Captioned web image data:
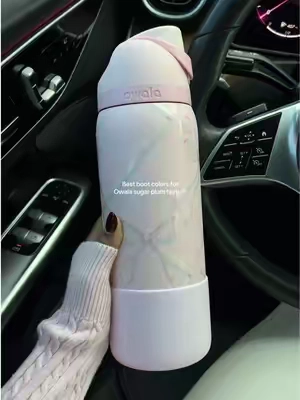 Grey and pink go best with her 🎀 #owala #owalawaterbottle #sugarplumfairy #pink #waterbottle 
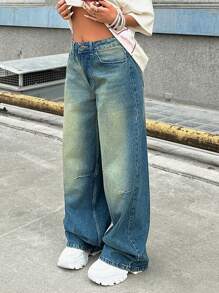 RueChic 女士低腰阔腿休闲牛仔裤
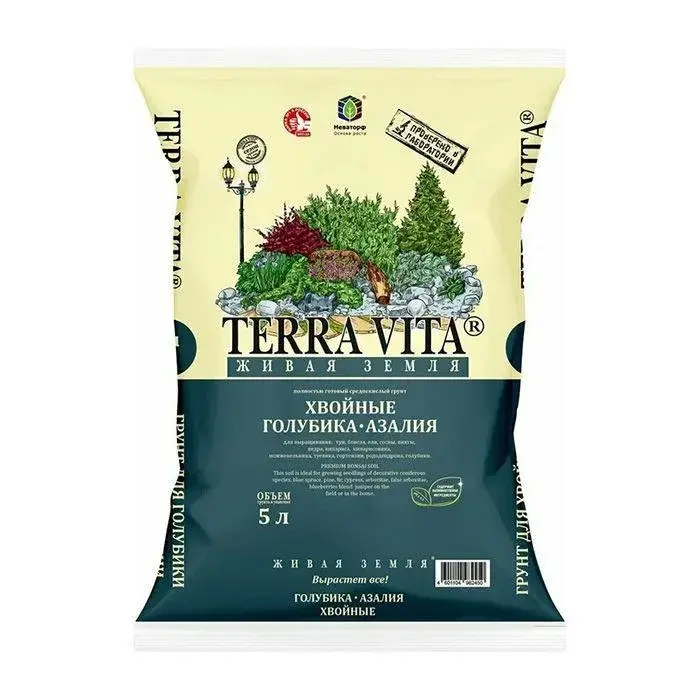 Грунт ЖИВАЯ ЗЕМЛЯ Хвойные-Голубика-Азалия 5 л TERRA VITA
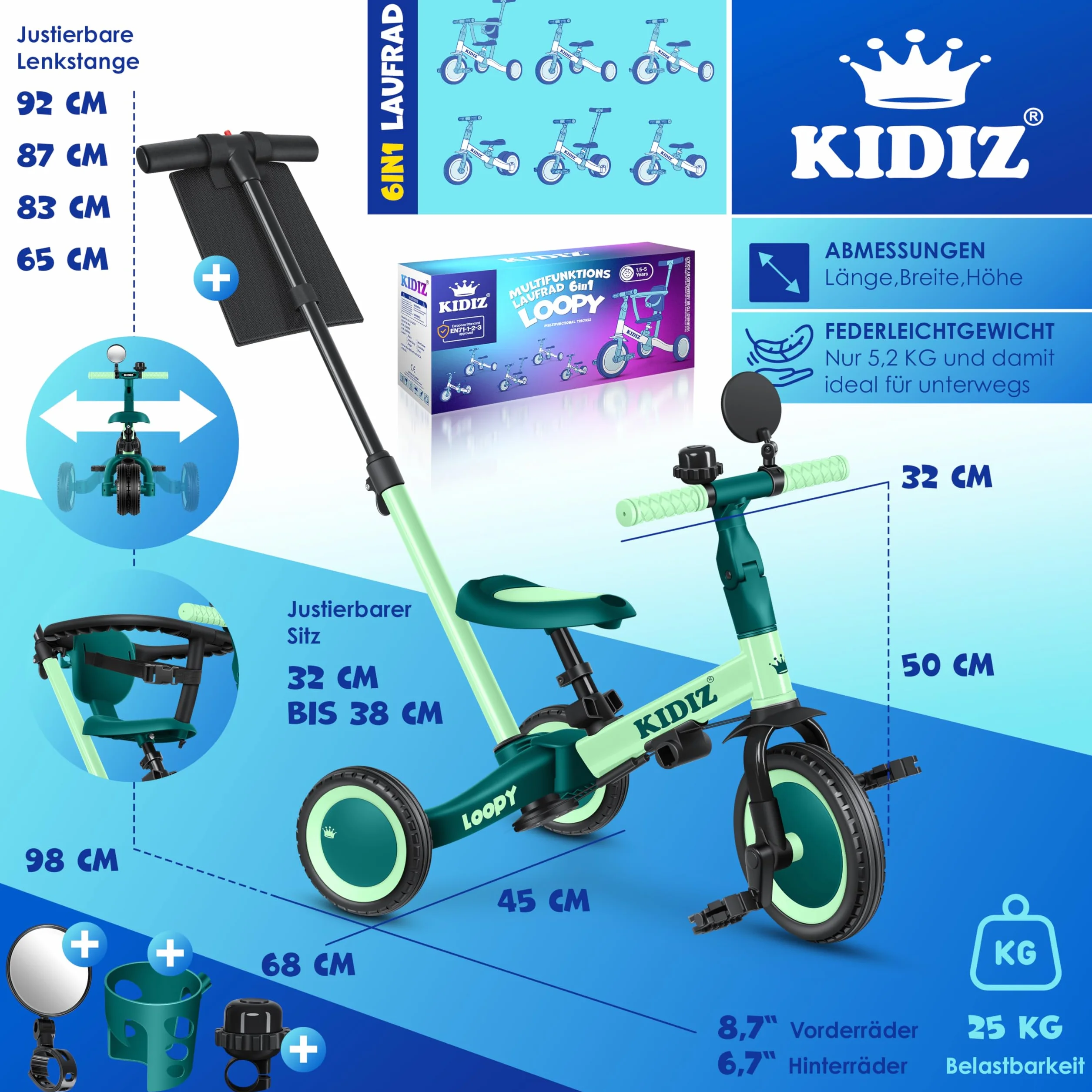KIDIZ® 6en1 Bicicleta de Balance, Triciclo para niños de 1 año a 5 Años, Capacidad de Carga hasta 25kg, Incl. Manillar/Barra de Seguridad/Cinturón de Seguridad/Timbre/Espejo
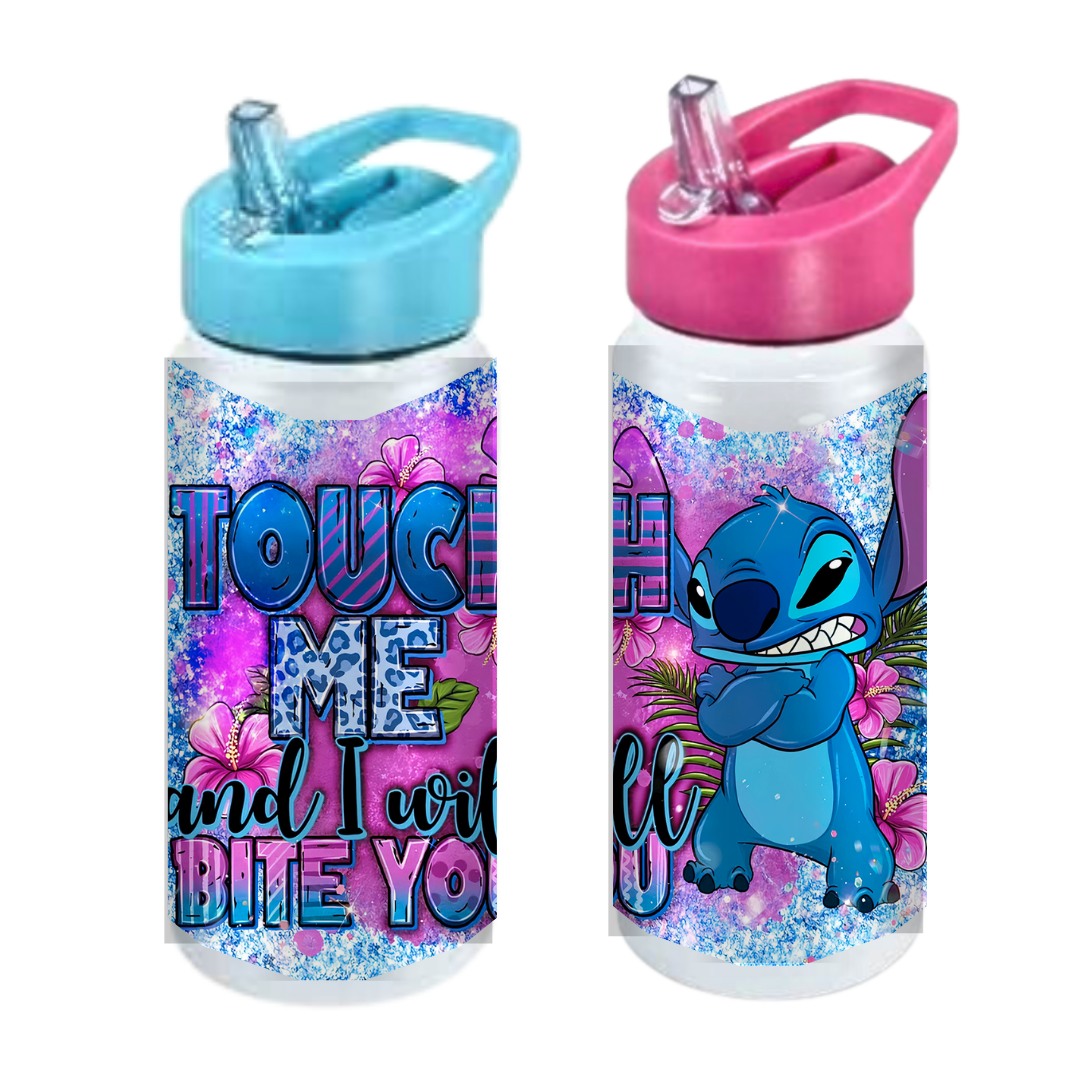 Stitch, touch me & I bite - Kids Drink Bottle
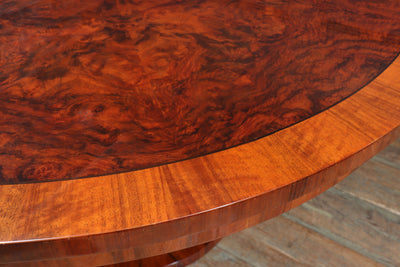 Art Deco Large Round Dining Table in Walnut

The problem: Go through the lines above and write each one out verbatim, skipping the pictures.

Response area:
 Grey and pink go best with her 🎀 #owala #owalawaterbottle #sugarplumfairy #pink #waterbottle 
 RueChic 女士低腰阔腿休闲牛仔裤
 Грунт ЖИВАЯ ЗЕМЛЯ Хвойные-Голубика-Азалия 5 л TERRA VITA
KIDIZ® 6en1 Bicicleta de Balance, Triciclo para niños de 1 año a 5 Años, Capacidad de Carga hasta 25kg, Incl. Manillar/Barra de Seguridad/Cinturón de Seguridad/Timbre/Espejo
 Stitch, touch me & I bite - Kids Drink Bottle
 Art Deco Large Round Dining Table in Walnut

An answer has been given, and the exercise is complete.